Герой Толстого готов включиться в нестройную череду переполнивших русскую литературу мечтателей, разного свойства и интенсивности, готовых хоть ненадолго, но убежать от реальности в мир измышленных туманных построений. Манилов и Обломов, Иудушка Головлёв и мечтатели Достоевского — сколько их уже встретилось нам на литературном просторе, и сколько ещё повстречается… Вспомним вновь мысль преподобного Григория Синаита: «Бесы наполняют образами наш ум, или лучше сами облекаются в образы по нам, и приражаются (прилог вносят) соответственно навыкновению господствующей и действующей в душе страсти…»7
.Толстой, разумеется, изображает действие страстей в душе ребёнка не в их полной силе, но отмечает лишь зачатки того, что может позднее взять верх над человеком, а может оказаться и искоренённым из его души внутренним противодействием с Божией помощью. Беда лишь: вся система воспитания не подвигает его к тому, мечтательность упрочивает представление о лёгкости самосовершенствования, сомнения в высшей справедливости (а следственно, и в помощи Всевышнего) зарождаются в достаточно опасных для души обстоятельствах.
В размышлениях над жизнью толстовскому герою является мысль, для самого писателя ставшая впоследствии весьма важною в его религиозных исканиях: мысль о существовании человека до его рождения в данном конкретном времени: «То раз, стоя перед чёрной доской и рисуя на ней мелом разные фигуры, я вдруг был поражён мыслью: почему симметрия приятна для глаз? что такое симметрия? Это врождённое чувство, отвечал я сам себе. На чём же оно основано? Разве во всём в жизни симметрия? Напротив, вот жизнь — и я нарисовал на доске овальную фигуру. После жизни душа переходит в вечность; вот вечность — и я провёл с одной стороны овальной фигуры черту до самого края доски.

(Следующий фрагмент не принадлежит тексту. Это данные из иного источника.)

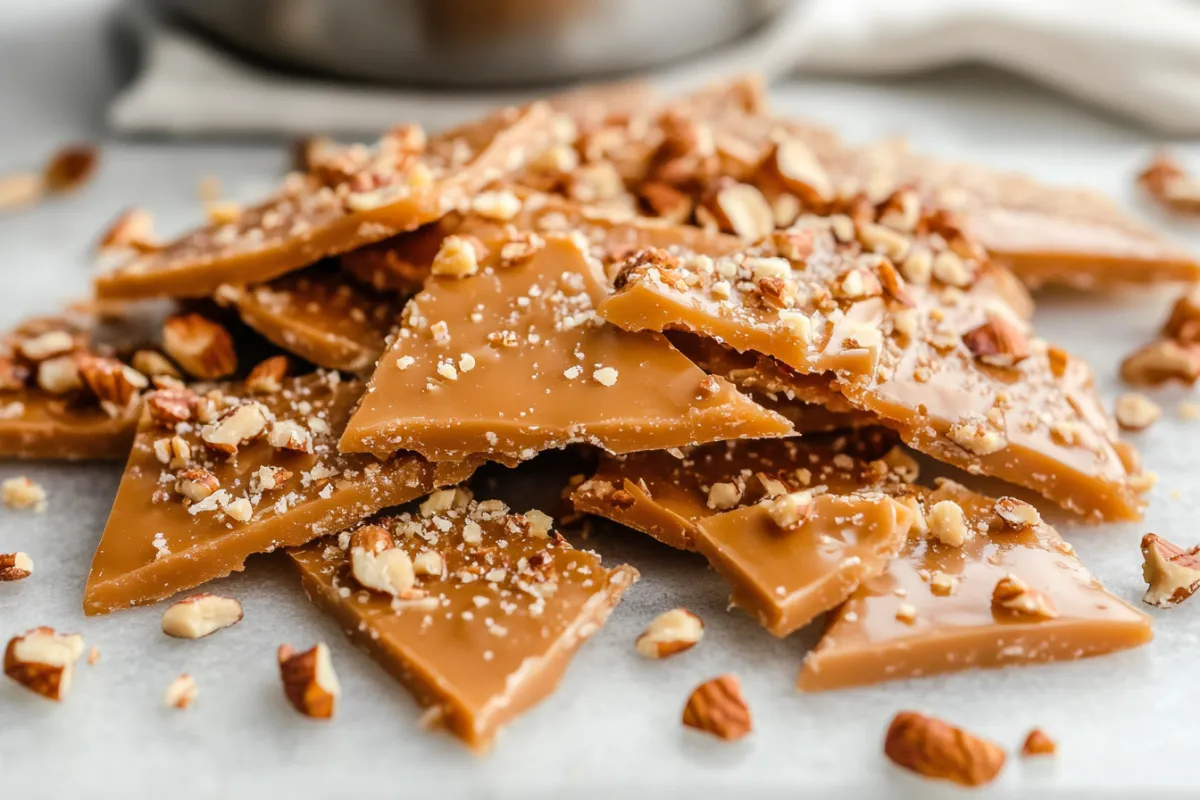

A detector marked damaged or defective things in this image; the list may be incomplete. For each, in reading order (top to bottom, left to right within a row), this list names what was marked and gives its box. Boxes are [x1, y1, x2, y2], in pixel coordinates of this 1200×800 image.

broken toffee shard [94, 101, 556, 298]
broken toffee shard [338, 235, 792, 462]
broken toffee shard [600, 209, 1142, 520]
broken toffee shard [81, 371, 468, 618]
broken toffee shard [289, 501, 638, 753]
broken toffee shard [796, 482, 1152, 695]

Отчего же с другой стороны нету такой же черты? Да и в самом деле, какая же может быть вечность с одной стороны, мы, верно, существовали прежде этой жизни, хотя и потеряли о том воспоминание» (1,185). Такое доказательство можно обозначить как математически-эстетическое — и оно становится ещё одним «тёмным пятном», к которому
Это место стало для адептов идеи реинкарнации, перевоплощения душ, свидетельством того, что Толстой был исповедником этой идеи. Она и впрямь зацепила сознание Толстого, её отражение мы встречаем в рассуждениях некоторых его персонажей (Наташи Ростовой, Долли Облонской). Важнее же, что утверждение о предсуществовании душ, восходящее к Оригену, было обличено на Пятом Вселенском соборе как ересь:
«Кто говорит или думает, что души человеческие предсуществовали, <…> тот да будет анафема»8
.Так в раннем уже творчестве Толстого мы находим обоснование его будущего отлучения от Церкви.

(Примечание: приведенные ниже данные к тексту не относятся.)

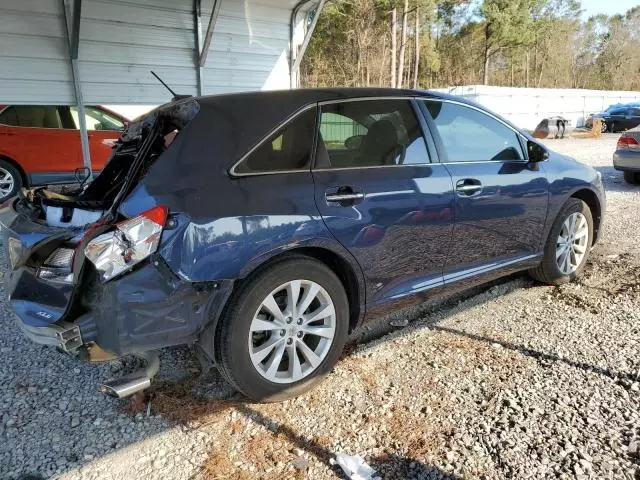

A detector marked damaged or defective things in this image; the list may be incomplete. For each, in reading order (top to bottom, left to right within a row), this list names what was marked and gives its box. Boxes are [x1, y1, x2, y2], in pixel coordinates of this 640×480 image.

Но он не задумывается пока о богословском смысле своих переживаний, он просто внимателен ко всем оттенкам и изгибам собственных состояний. Он заставляет своего героя замечать многие «тёмные пятна» душевные ещё в детстве: так, воспоминание о жестоком поступке по отношению к одному из товарищей вызывает в Николеньке недоумение и раскаяние и через много лет после того: «Я решительно не могу объяснить себе жестокости своего поступка. Как я не подошёл к нему, не защитил и не утешил его? Куда девалось чувство сострадания…? Неужели это прекрасное чувство было заглушено во мне любовью к Серёже и желанием казаться перед ним таким же молодцом, как и он сам? Незавидные же были эти любовь и желание казаться молодцом! Они произвели единственные тёмные пятна на страницах моих детских воспоминаний» (1,84).